Ted tells the crowd early about his two rules: First, don't bring drinks to the dance floor, and second, if you request a song, dance to it. "If your request clears the dance floor," Ted will tell the crowd, "I will know who made it, and so will everyone else in the room."

Ted even has what he calls the das ist verboten list -- songs the bride and groom don't want played. If they have an aversion to "Time in a Bottle" by Jim Croce, "Brick House" by the Commodores or "Color My World" by Chicago, they can list those as verboten songs. The same goes for line dances such as the Electric Slide, the Macarena and, of course, the Hokey-Pokey.

One guest at the Newman wedding went down that road a few months ago with a different DJ. While planning his own wedding, 29-year-old Bret Kroencke spelled out his dislikes.

"I did not want 'Cotton-Eyed Joe,' 'YMCA,' 'Celebration,' the Hokey-Pokey, the Electric Slide -- no Macarena, no limbo, none of that," Kroencke says. "No conga line." Kroencke's fiance, Janet, also asked that there be no bouquet or garter toss.

"I told our DJ if he played those songs, he wasn't getting his last payment," Kroencke says. "You know what? He didn't play those songs. Any songs other than the ones I said not to play, he could play. People kept coming up and requesting 'YMCA.' He was, like, 'I don't have it.' He had it, but he wouldn't play it. People were trying to get him to play 'Celebration,' too."

That type of direction is fine with Ted. During a pre-wedding telephone conference with the bride and groom -- dubbed the "pre-call" -- which takes place a week or so before the event, he straightens out the do's and don'ts.

"If I can hit it off with both the bride and groom during the pre-call," Ted says, snapping his fingers, "it's in the bag."

The bride and groom give Ted a list of songs they want to hear, tell him what's on the verboten list and let him know whether anything special is planned.

For Jill and Tim, the special event is Tim, then Jill, replicating the famous John Travolta's white-suited strut and dance to "Stayin' Alive," complete with a circle of spectators surrounding them, clapping.

Ted sees himself as a guide for the newlyweds: "Think of it this way: They're on a safari.
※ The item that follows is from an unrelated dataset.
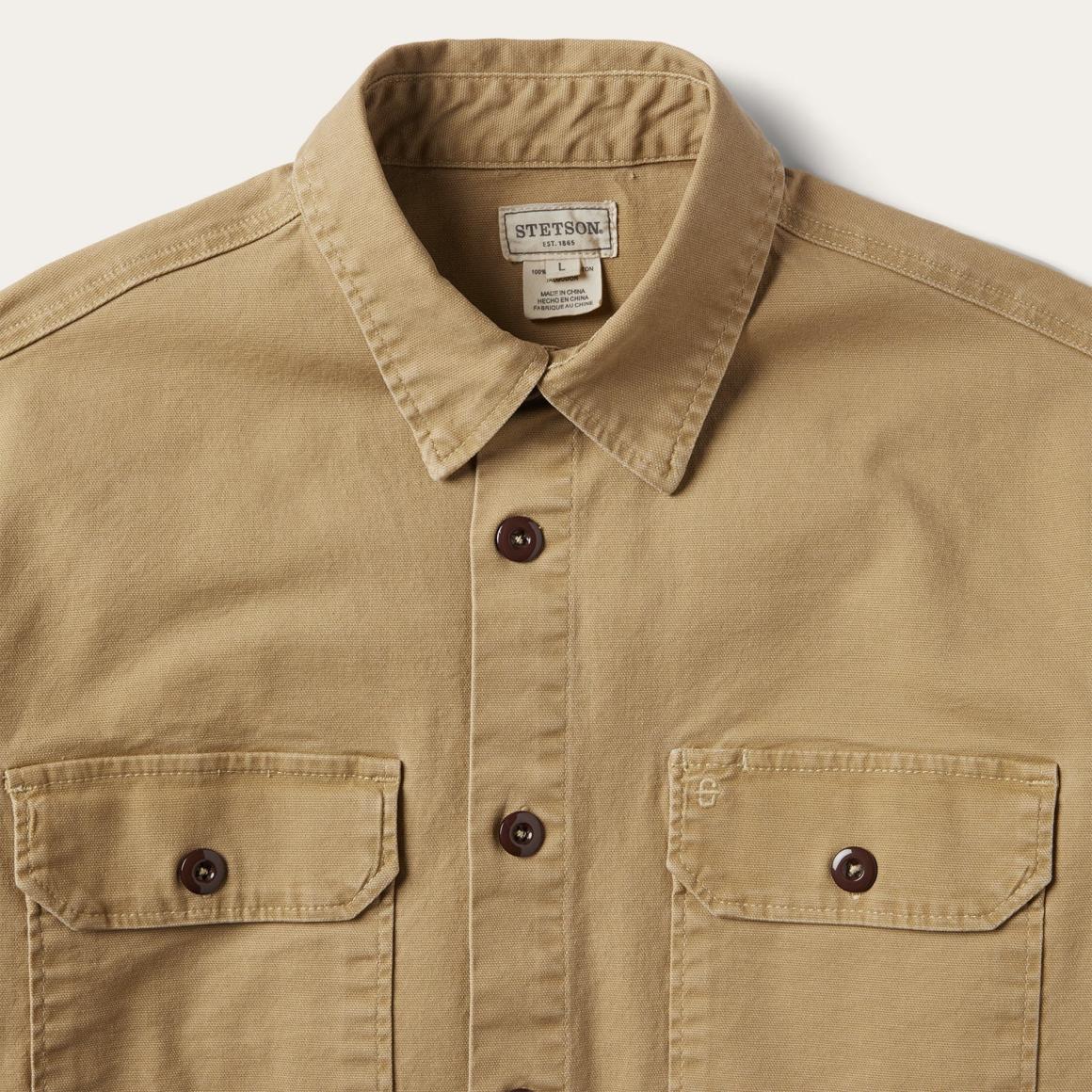 Camel Stretch Canvas Shirt Jacket Brown Men Stetson Jackets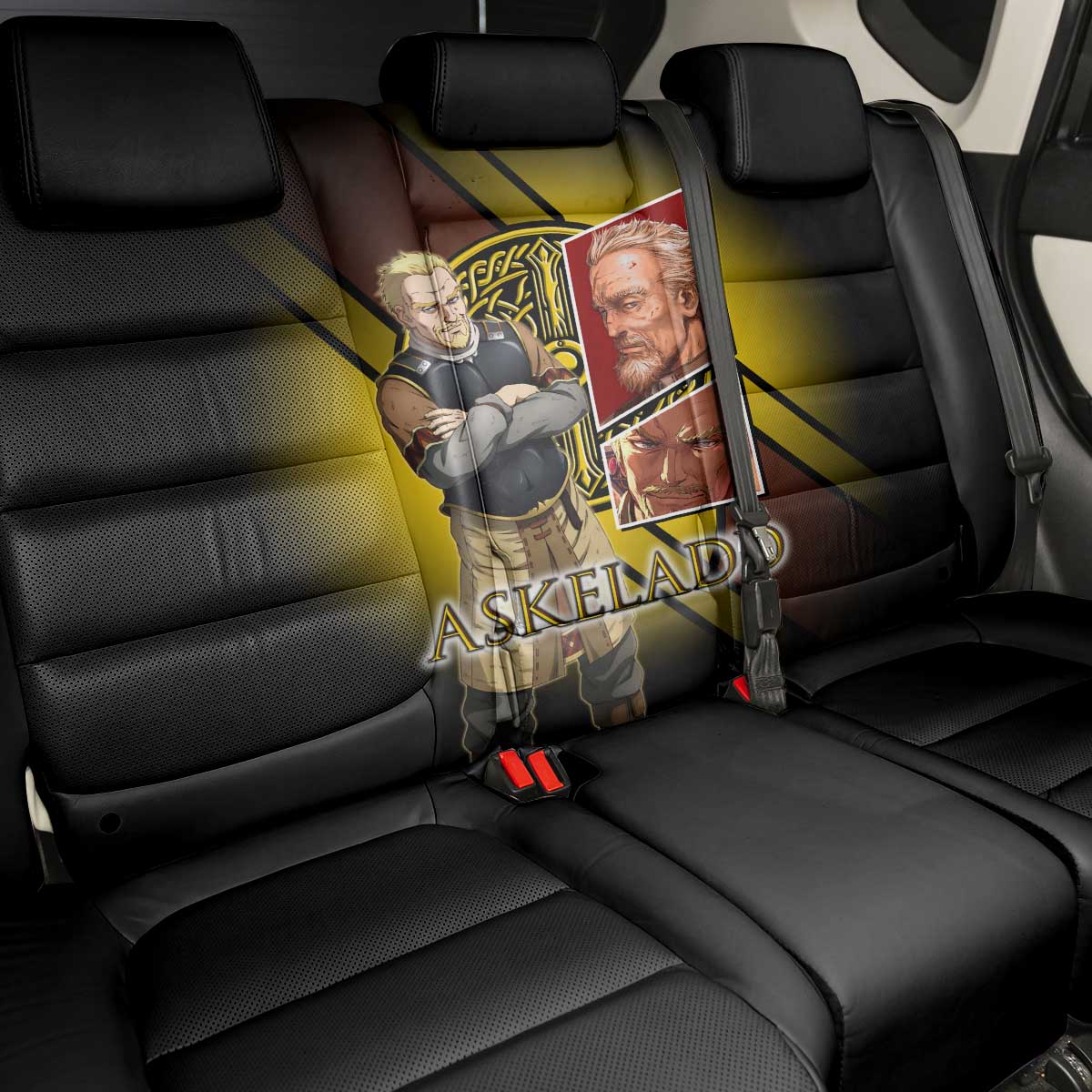 Askeladd Viking Commander Back Car Seat Cover Viking Manga Illustration Style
I want to guide them. I'm here to guide them through it."

He also compares himself to a circus ringmaster.

"Out of the 200 guests they've got coming, no one came to see me," Ted says. "If I'm a ringmaster at a circus, no one comes to see the ringmaster. They came to see the acts, the lion-tamer and the trapeze artists -- the bride and groom."

Most of the Ted's gigs are referrals -- the couple has been told about Ted or has seen him in action. On the form, the bride and groom are asked to circle "easygoing," "moderate" or "outgoing" to indicate the style of DJ they want. Anyone who has seen Ted come out from behind his paraphernalia to dance with the crowd could hardly call him easygoing or even moderate.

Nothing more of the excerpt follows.